Attention to East Side’s woes must be followed by positive actions

In the last week, Mayor Sly James has promoted needed efforts to revive Kansas City’s East Side and boost economic development there.

The attention is welcome. Positive and long-lasting results would be even better.

The city’s second black mayor faces plenty of pressure from minority residents to take actions that can help turn around neighborhoods that have been devastated by violent crime, lack of private investment, and tremendous blight caused by vacant houses and lots.

During and after his re-election in 2015, James said he would focus on East Side priorities in his second term. He’s done it in three ways recently.

Progress reports

The city released three maps of East Side redevelopment, essentially to promote the fact that good things are happening in that part of the city despite what skeptics constantly say.

The lists contain some significant projects, privately and publicly financed. James and City Hall can’t and don’t take credit for all of them.

Hundreds of new or proposed housing units are included — repurposing of the old Faxon and Bancroft schools, plus expansion in the 18th and Vine area and on Beacon Hill near the downtown University of Missouri-Kansas City campus. Some apartment rehab projects are noteworthy because they could attract more people to live in the urban core.

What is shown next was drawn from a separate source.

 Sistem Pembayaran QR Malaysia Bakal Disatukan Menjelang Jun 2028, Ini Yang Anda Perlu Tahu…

The lists also includes other school renovations, upgrades of community centers and improvements to existing shopping centers.

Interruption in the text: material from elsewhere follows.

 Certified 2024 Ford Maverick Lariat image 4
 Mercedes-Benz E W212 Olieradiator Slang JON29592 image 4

On a smaller scale, one list shows dozens upon dozens of capital improvements. They include better facilities at East Side parks, projects to reduce flooding and new curbs and sidewalks in many neighborhoods. These are the kinds of everyday basic services that residents are entitled to receive from City Hall.

Dangerous buildings

The mayor unveiled a much-needed plan to spend $10 million for tearing down more than 850 dangerous buildings, most of them east of Troost Avenue.

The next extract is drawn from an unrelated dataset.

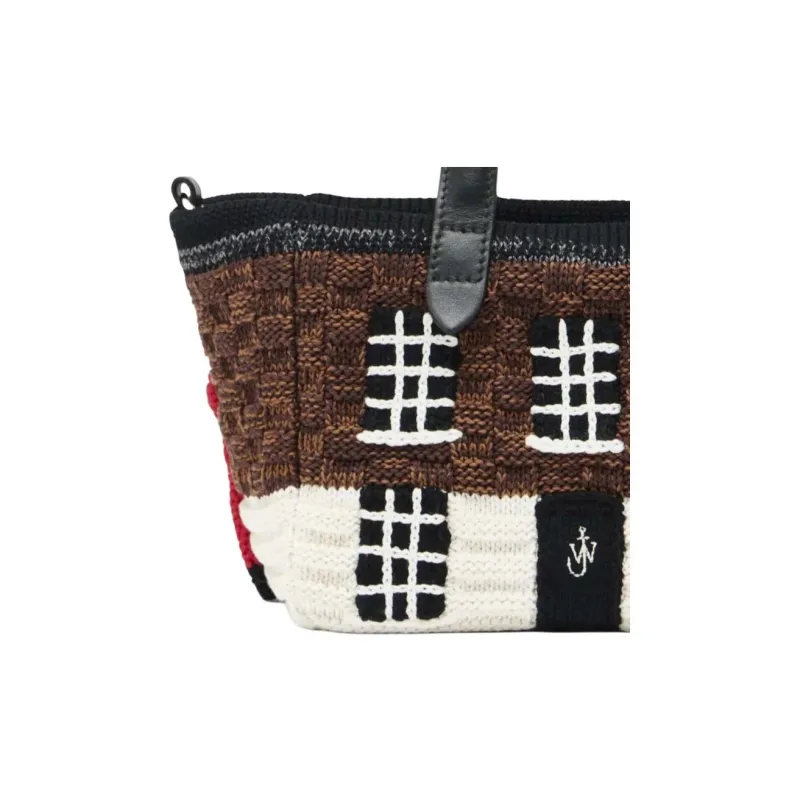 JW Anderson Mini Belt Tote Bag-5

After years of kicking this problem around, the city needs to finally demolish this blight and, separately, beef up the amount it spends on housing rehabilitation funds to help repair thousands of other vacant structures.

The city also is rightly promoting a just-announced program that allows people to buy a dangerous building for $1 with the promise to renovate it. This could prove to be an effective catalyst for neighborhood revitalization.

Shared Success Fund

On Wednesday, James proposed a “Shared Success Fund” that could direct a small amount of city funds into selected East Side redevelopment projects.

One goal is to step in when banks won’t. Last week, James said at a public event he was very disappointed in some local banks that were not aggressively making loans in poorer parts of town.

The new fund so far is just an idea. The City Council needs to determine whether this is a good way to use public funds or whether there are better ways to promote economic development.

A final reminder: James and elected officials can’t do it all. People who live and do business in East Side neighborhoods must work with the city to find solid ways to improve the quality of life.